Journal of Clinical Oncology ◽

10.1200/jco.2014.32.31_suppl.85 ◽

2014 ◽

Vol 32 (31_suppl) ◽

pp. 85-85 ◽

Cited By ~ 2

Author(s):

Kathi Mooney ◽

Patricia Berry ◽

Bob Wong ◽

Gary Donaldson

Keyword(s):

End Of Life ◽

Cancer Patients ◽

Family Caregivers ◽

Monitoring System ◽

Symptom Severity ◽

Preliminary Evidence ◽

Symptom Monitoring ◽

Cancer Family ◽

Symptom Profile ◽

Eol Care

85 Background: Family caregivers face the task of providing end of life care (EOL) in the home setting and need effective caregiving support. Although not previously tested in EOL care, automated symptom monitoring has shown promise for cancer patients on active treatment. This study tests an automated monitoring and coaching system for family caregivers during home hospice. Methods: Family Caregivers (FC) of hospice cancer patients (PT) (N=243 dyads) were monitored daily using an automated telephone symptom monitoring system, and randomly assigned to receive the symptom care intervention (SC) (N=119) or usual care (UC) (N=124). All FCs called the monitoring system daily, reporting by proxy, past 24 hour presence, severity and FC distress on 11 common PT symptoms (0–10 scale). In addition, FCs reported their own fatigue, sleep, mood and anxiety severity (0-10 scale).

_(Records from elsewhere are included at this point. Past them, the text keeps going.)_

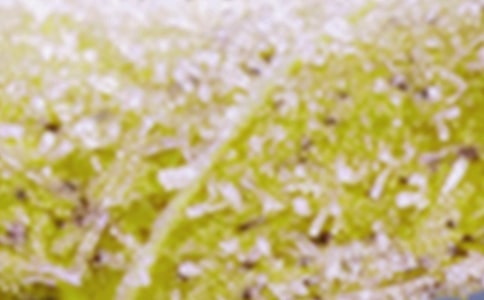 ���׵؅^(q��)һ����˪���^�̷���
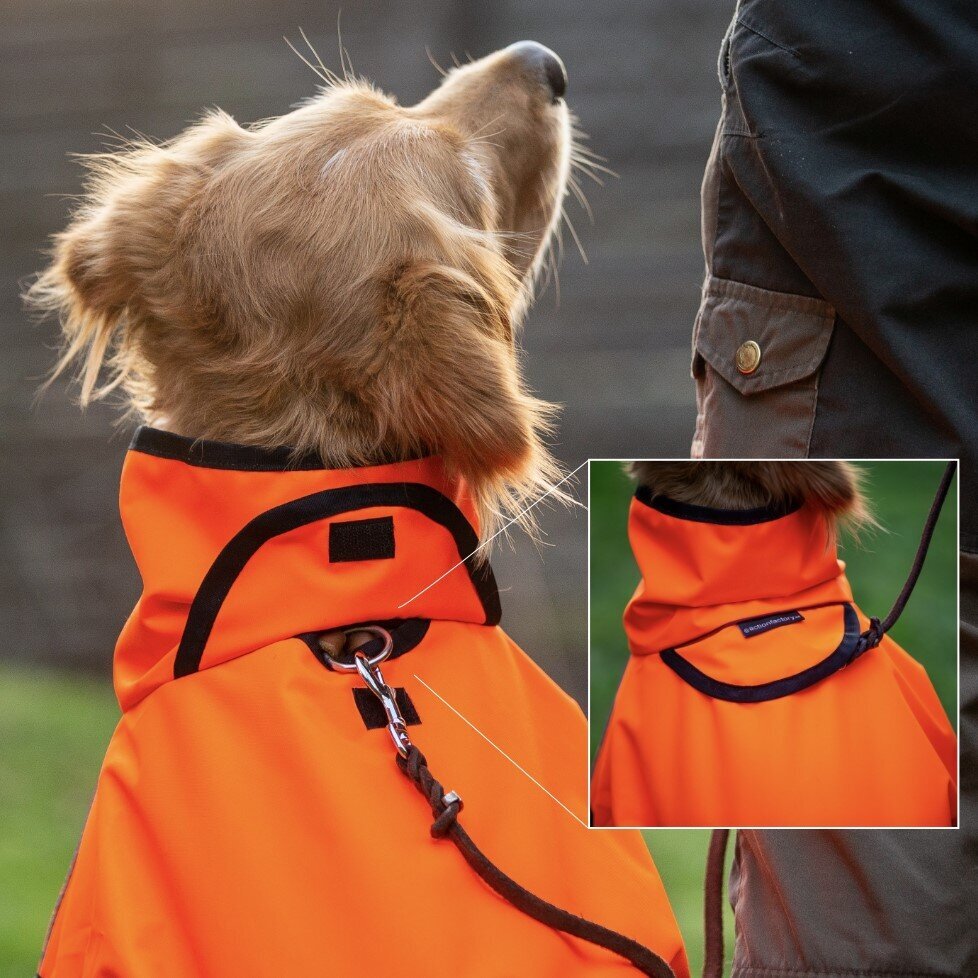 fit4dogs Active Cape Wind & Rain Mini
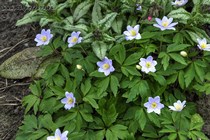Анемона Дубравная Robinsoniana (Anemone nemorosa Robinsoniana)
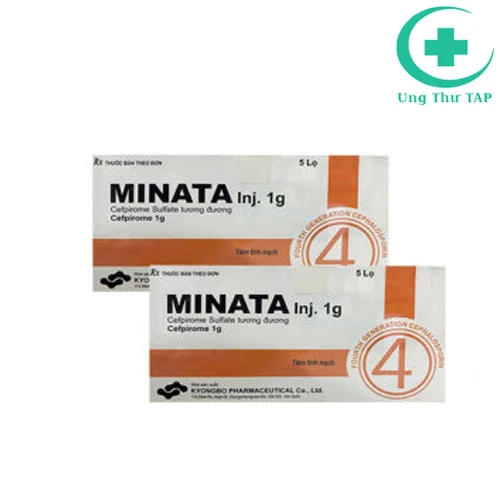 Minata Inj. 1g - Thuốc điều trị nhiễm khuẩn hô hấp và tiết niệu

The SC intervention FCs received automated tailored symptom care coaching based on reported patterns; in addition symptoms moderate or greater generated alerts to their hospice nurse. Results: Most FCs and PTs were White (95; 94%), 66% of FCs and 48% of PTs were female with the Mean age for FCs 60 and 73 for PTs. Most frequent PT symptoms were fatigue (70%), pain (64%), poor appetite (54%), anxiety (39%), and change in thinking (38%). PT symptom severity levels were highly related to FC distress. Preliminary analyses indicates that FC vitality (FC combined symptoms) improved more in the SC group (p=.003, mixed effects model). Furthermore PT symptom severity, categorized as Mild (<=3), Moderate (4-6), or Severe (>=7), provided strong preliminary evidence of SC intervention benefit in each of the first four weeks in hospice care and overall (p=.003). Rapid onset of the SC benefit was suggested by Kaplan-Meier analysis of time to first all-zero symptom profile (p=.06 log-rank). The benefit of the SC intervention continued throughout the hospice stay until the last several days of life when there was no difference with UC. Conclusions: This is the first reported evaluation of automated symptom monitoring in home EOL care and provides strong preliminary evidence of benefit for cancer family caregivers and patients. Clinical trial information: NCT02112461.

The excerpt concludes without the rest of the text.